Vivimos la época de retroceso en la solución de los principales problemas sociales: incremento de los subsidios gubernamentales, sin mayores controles e indicadores para su respectiva supervisión, burocracia asfixiante, paternalismo sin pausa y marcado por la corrupción, gobernantes vacilantes, limbos jurídicos que permiten toda clase de atropellos a los derechos ciudadanos, mendicidad institucionalizada a través de direcciones de asistencia social.

Desde hace décadas, la globalización, las grandes transformaciones sociales y la lucha por el poder político de apropiarse de nuevos territorios ha modificado el esquema de relación Gobierno y ciudadanía y vivimos un debate emocional, pleno de intolerancia, sin suficiente capacidad de interpretación y acción, con información de manera oportuna y sin arreglos mediáticos; se hace imperativo un cambio en esta óptica muy cómoda, centrada en intereses individuales, particulares. También hay fragmentación entre los partidos políticos, en los gremios y grupos económicos.

La crisis de los partidos políticos y su clientelismo electoral son otros aspectos por analizar. Panamá vive una crisis de gobernabilidad y carencia de liderazgos democráticos que permitan superar la reelección, que tanto daño provoca en la institucionalidad. Dos grandes fuerzas inciden en la transición hacia la real democracia: Gobiernos sin capacidad de conducir la gigantesca burocracia por incompetencia, artificiales y acomodaticias alianzas y ausencia de profesionales competentes dentro de las estructuras gubernamentales y empresariales, que superen nombramientos partidistas y personales, por encima de la capacidad y honestidad profesional.
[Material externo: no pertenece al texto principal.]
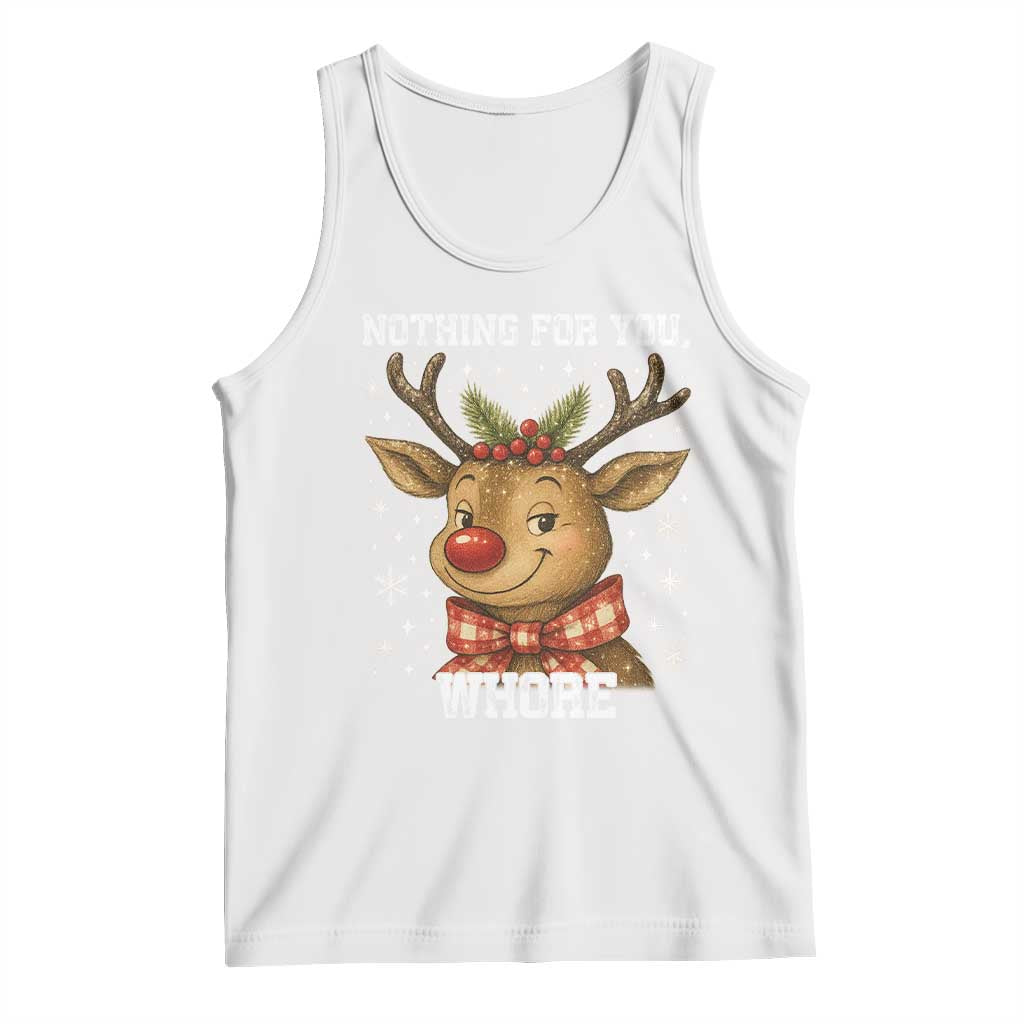 Reindeer Christmas Meme Tank Top Nothing For You Whore TS14 White Print Your Wear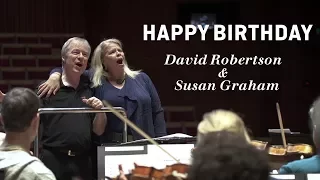 Happy Birthday to David Robertson and Susan Graham!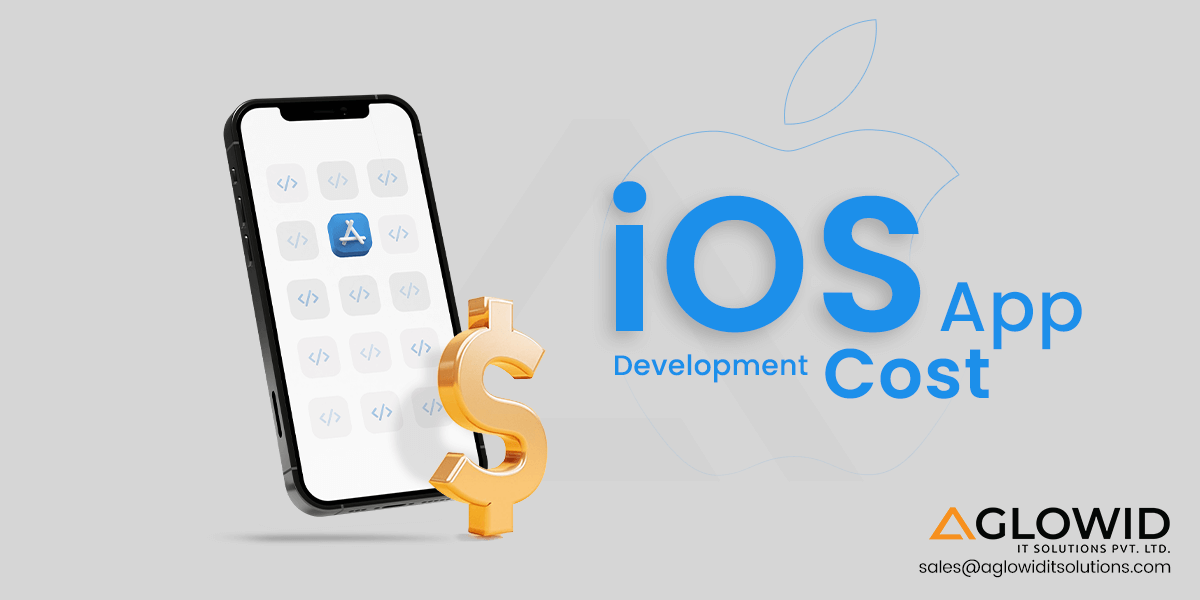 How Much Does it Cost to Develop an iOS App? – A Complete Analysis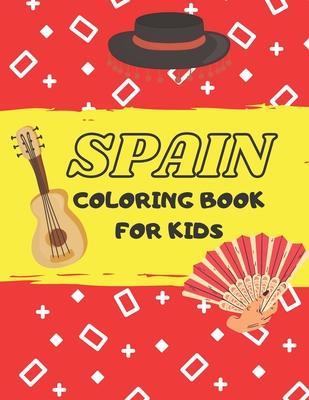 Spain coloring book for kids: Cute coloring book for toddlers, learn about spanish culture and tradition and have fun!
De igual forma, gobernantes que intentan resolver la corrupción y hacerle frente con equidad social las nuevas demandas sociales. Cada quinquenio se convierte en una plataforma para un menú de promesas electorales, cuyas consignas son la prueba más evidente de la ausencia de ideología política que las sostiene: “El pueblo al poder; más empleo, más seguridad, cero corrupción; caminando en los zapatos del pueblo; ahora le toca al pueblo; el pueblo primero”.

Los sectores sociales son víctimas cada vez con mayor intensidad de las alianzas entre partidos políticos, intereses transnacionales, complacencia de casi todos los organismos internacionales, gremialismo sin bases legítimas que han terminado por vender, concesionar, hipotecar, comercializar, “tercerizar”, en abierto desafío constitucional, los servicios básicos de la población.

Si a esto agregamos la situación de la justicia y el incremento de la violencia en todas las esferas sociales, el panorama resulta caótico. Nada se resuelve. Las noticias reportan las mismas escenas, con aplazamientos sospechosos, llamados a nuevos diálogos, creación de mesas de trabajo, comisión de notables, concertación, consultorías millonarias, adendas permanentes y evidentes signos de corrupción y justicia selectiva.

Las convocatorias a manifestaciones públicas son cada vez más el reflejo de un Panamá fragmentado, con evidente déficit de ciudadanía, sin legítimos líderes que gocen de credibilidad, con capacidad de convocatoria que logre volver realidad la modernización del Estado, el equilibrio de los poderes, y que la aspiración ciudadana y la convocatoria de una constituyente se conviertan en una realidad, antes de que concluya este período gubernamental. ¡Mañana será demasiado tarde!